Diagnosis of Scoliosis
Diagnostic Test list for Scoliosis:
The list of medical tests
mentioned in various sources as
used in the diagnosis of Scoliosis
includes:
Scoliosis Diagnosis: Book Excerpts
Tests and diagnosis discussion for Scoliosis:
The doctor takes the following steps to evaluate a patient
for scoliosis:
- Medical history--The doctor talks to the patient and the
patient's parent or parents and reviews the patient's records to look
for medical problems that might be causing the spine to curve, for
example, birth defects, trauma, or other disorders that can be
associated with scoliosis.
- Physical examination--The doctor looks at the patient's
back, chest, pelvis, legs, feet, and skin.

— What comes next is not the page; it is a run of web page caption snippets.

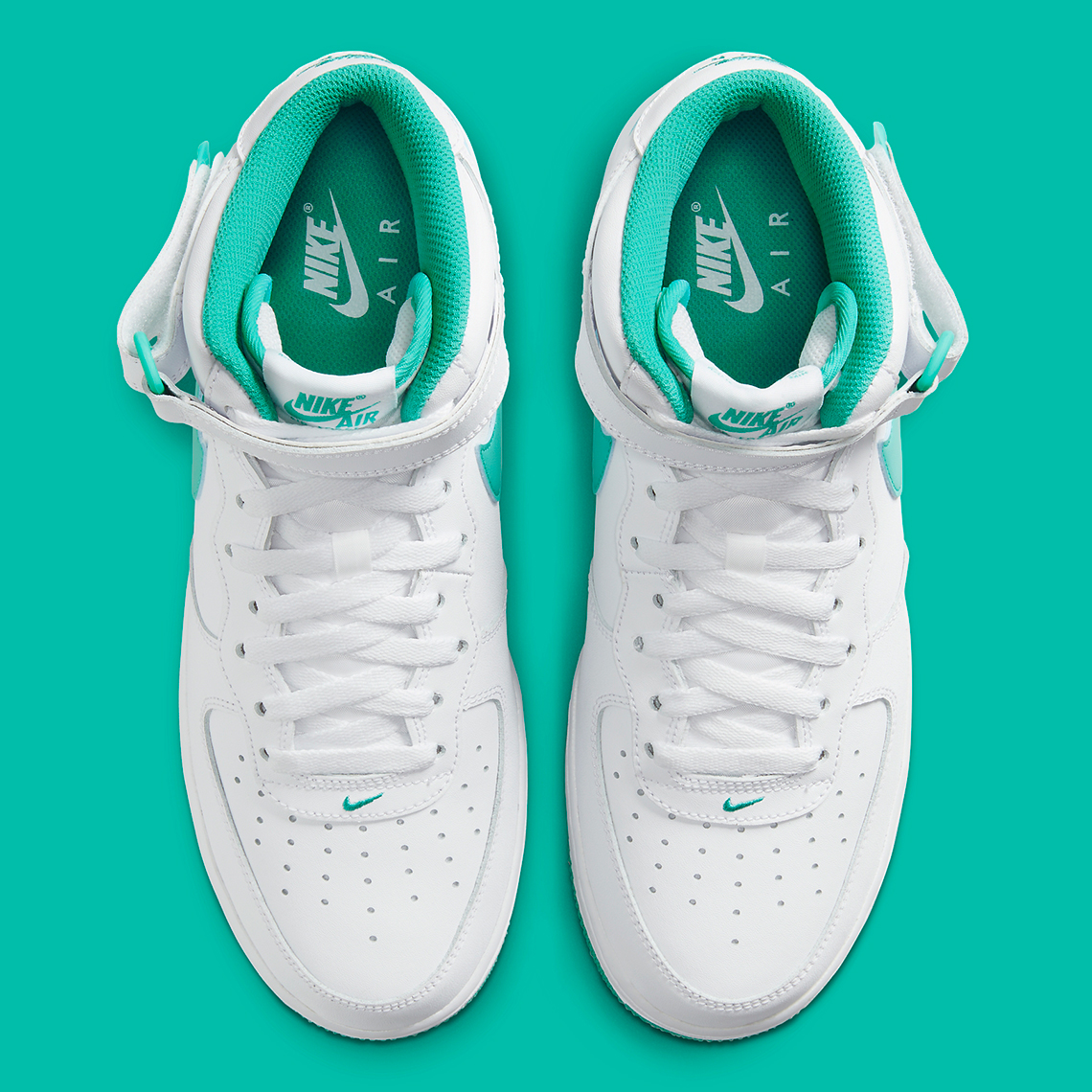 Nike Air Force 1 Mid White/Clear Jade - Sự Kết Hợp Tươi Mát Tinh Tế! - 4
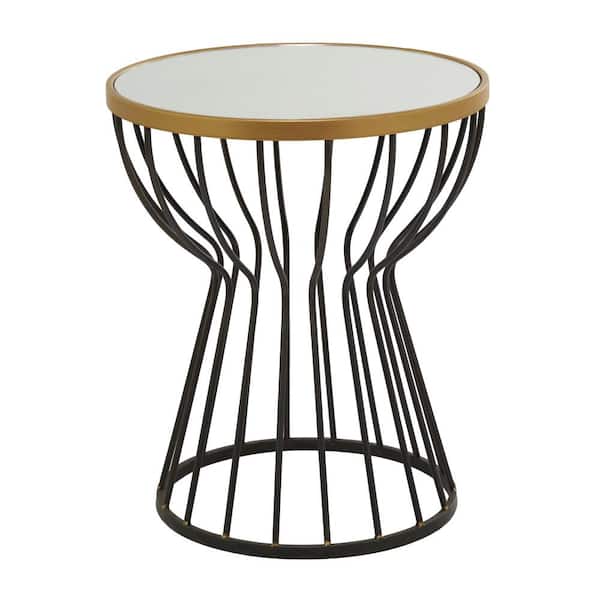 Litton Lane 18 in. Black Large Round Glass End Accent Table with Mirrored Glass Top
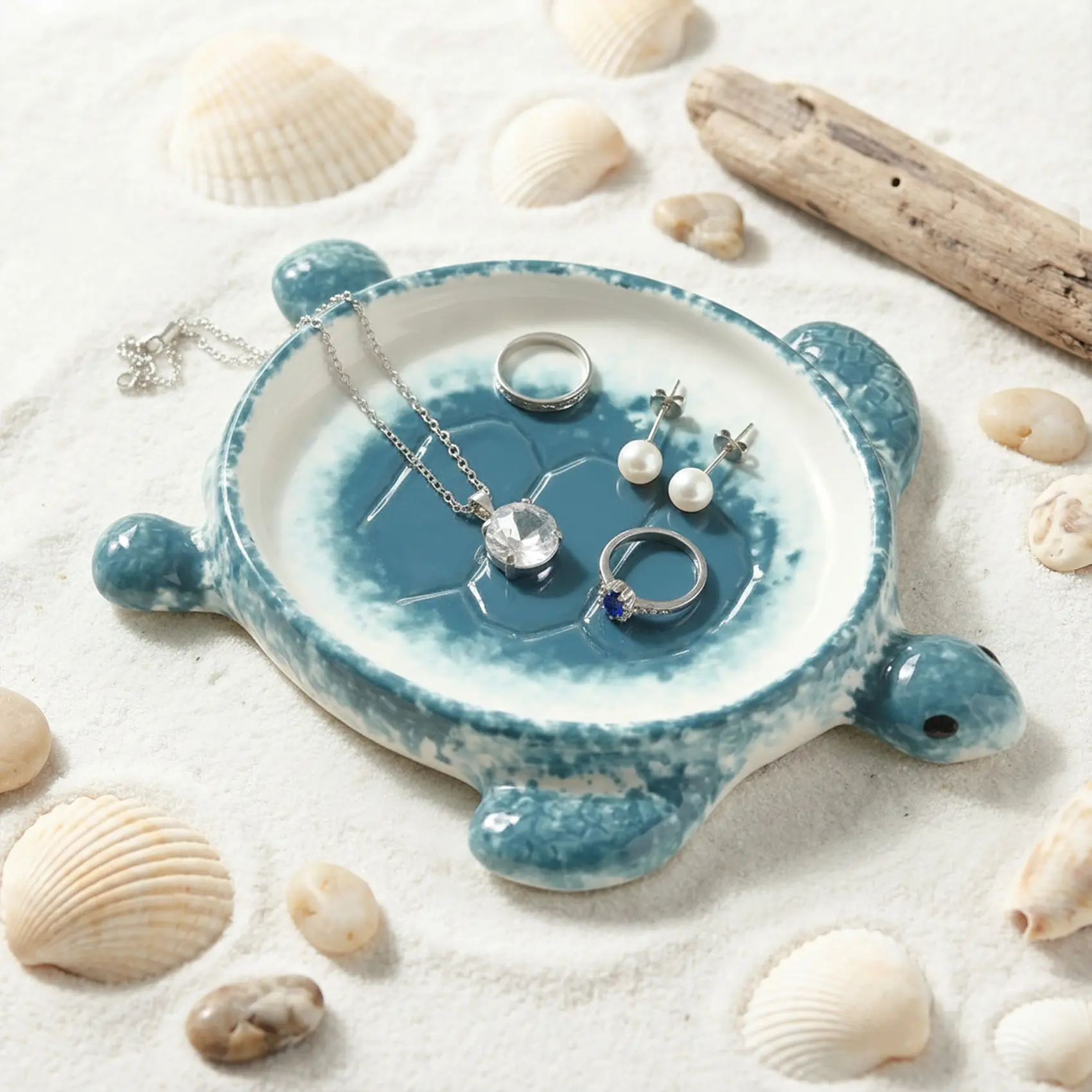 Handmade Ceramic Sea Turtle Decorative Jewelry Tray - Blue Home Organizer, Room Display Accessory Holder for Rings, Earrings, Necklaces, Keys, Coastal Beach Decor Gift for Girls/Women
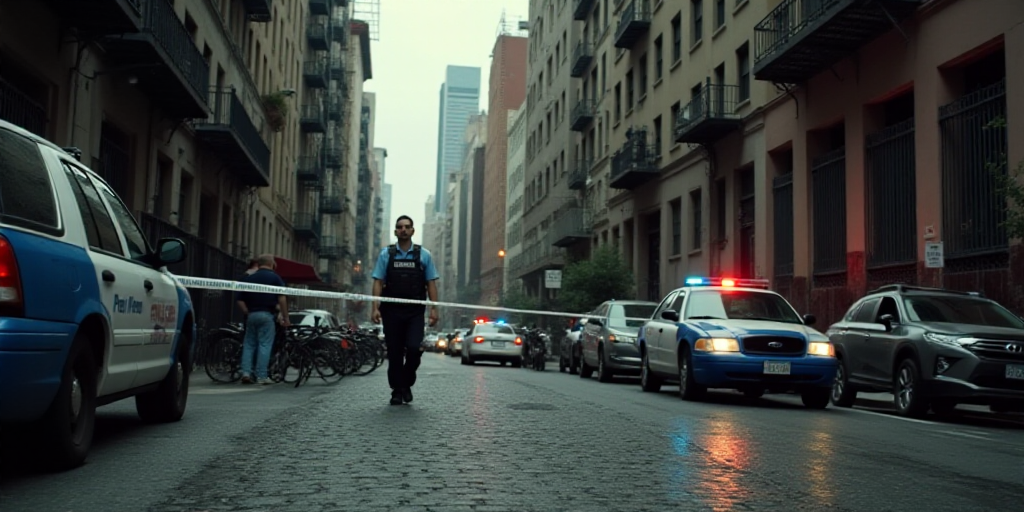 a police officer is walking near a police car and a police tape is blocking the area of a building,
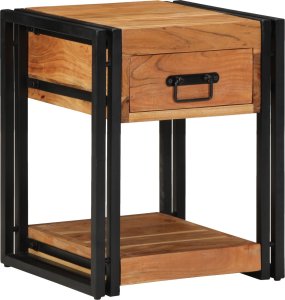 vidaXL Stolik nocny Brązowy Lite drewno akacjowe, Żelazo 40 x 40 x 50 cm 4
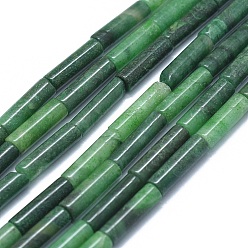 Африканский Нефрит Природные африканские нефритовые бусы пряди, колонка, 11~15x3.5~4.5 мм, отверстие : 1~1.2 мм, около 28~30 шт / нитка, 15.1~15.9 дюйм (38.5~40.5 см)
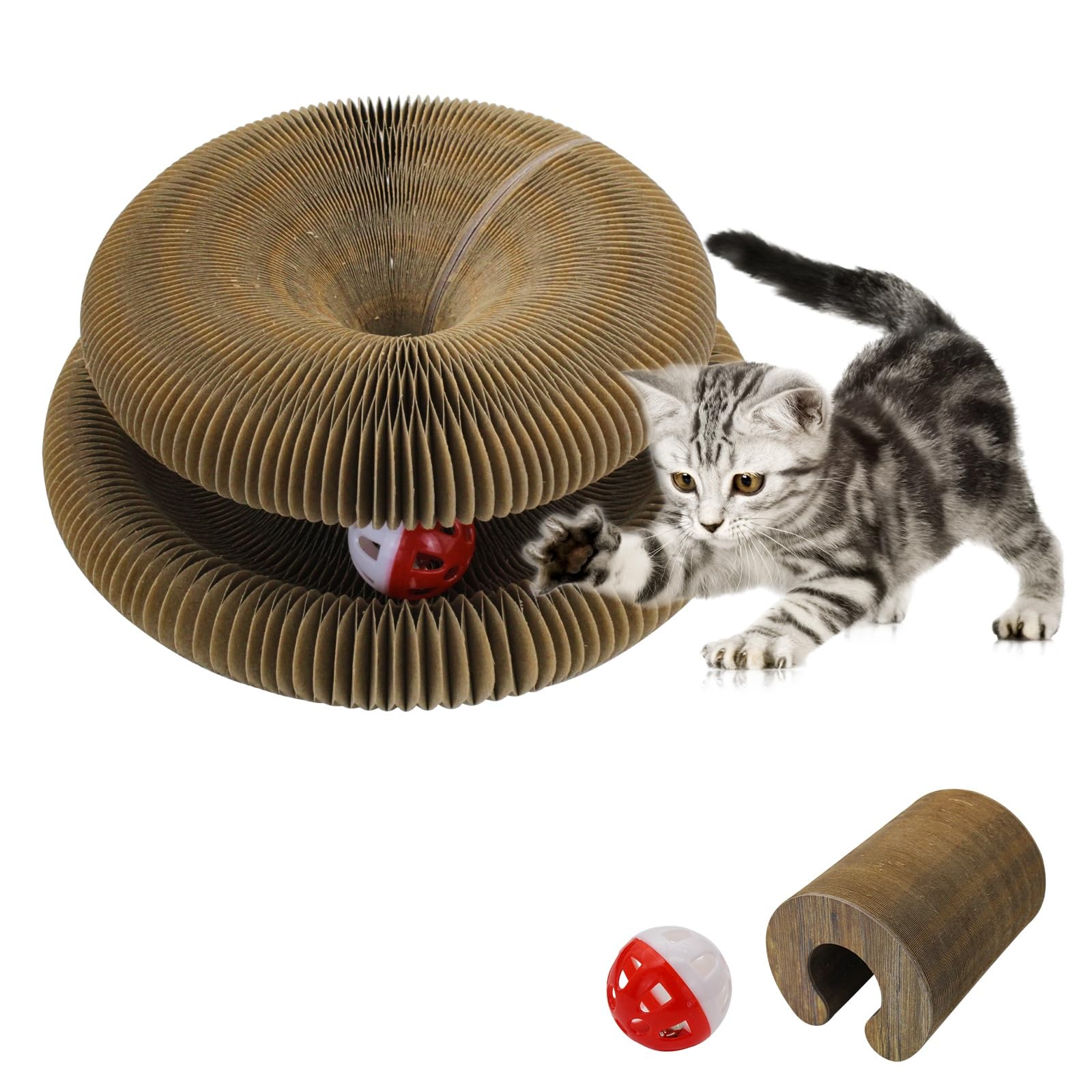 Andiker Magic Organ Cat Scratching Board, Corrugated Paper Cat Scratcher With Jingly Ball For Playing Scratching Paws, Foldable 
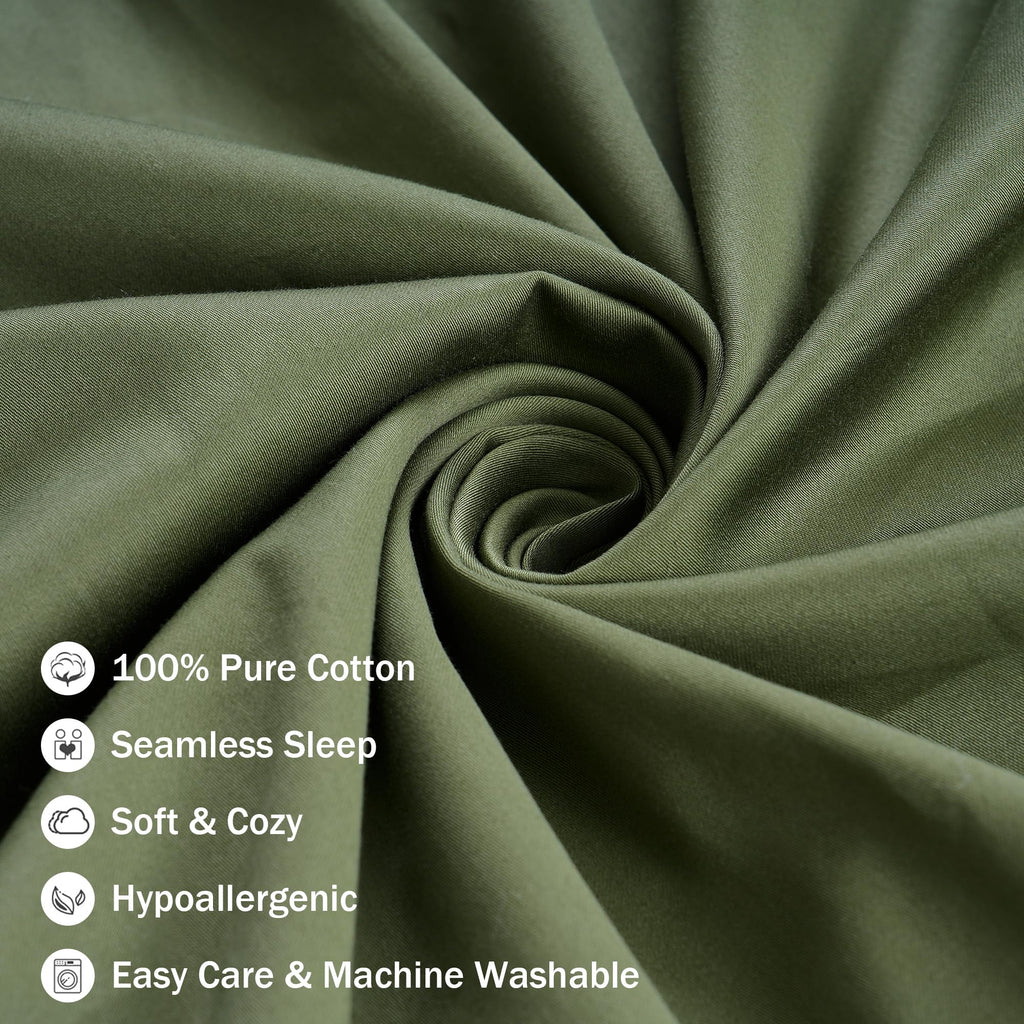 100% Cotton Body Pillow Case Cover with Zipper, Wrinkle-Free, Super Soft Pillowcase, Breathable Long Pillow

The doctor checks if the
patient's shoulders are level, whether the head is centered, and
whether opposite sides of the body look level. The doctor also
examines the back muscles while the patient is bending forward to see
if one side of the rib cage is higher than the other. If there is a
significant asymmetry (difference between opposite sides of the body),
the doctor will refer the patient to an orthopaedic spine specialist
(a doctor who has experience treating people with scoliosis). Certain
changes in the skin, such as so-called café au lait
(coffee-with-milk-colored) spots, can suggest that the scoliosis is
caused by a birth defect.
- X-ray evaluation--Patients with significant spinal curves,
unusual back pain, or signs of involvement of the central nervous
system (brain and spinal cord) such as bowel and bladder control
problems need to have an x ray. The x ray should be done with the
patient standing with his or her back to the x-ray machine. The view
is of the entire spine on one long (36-inch) film. Occasionally,
doctors ask for more tests to see if there are other problems.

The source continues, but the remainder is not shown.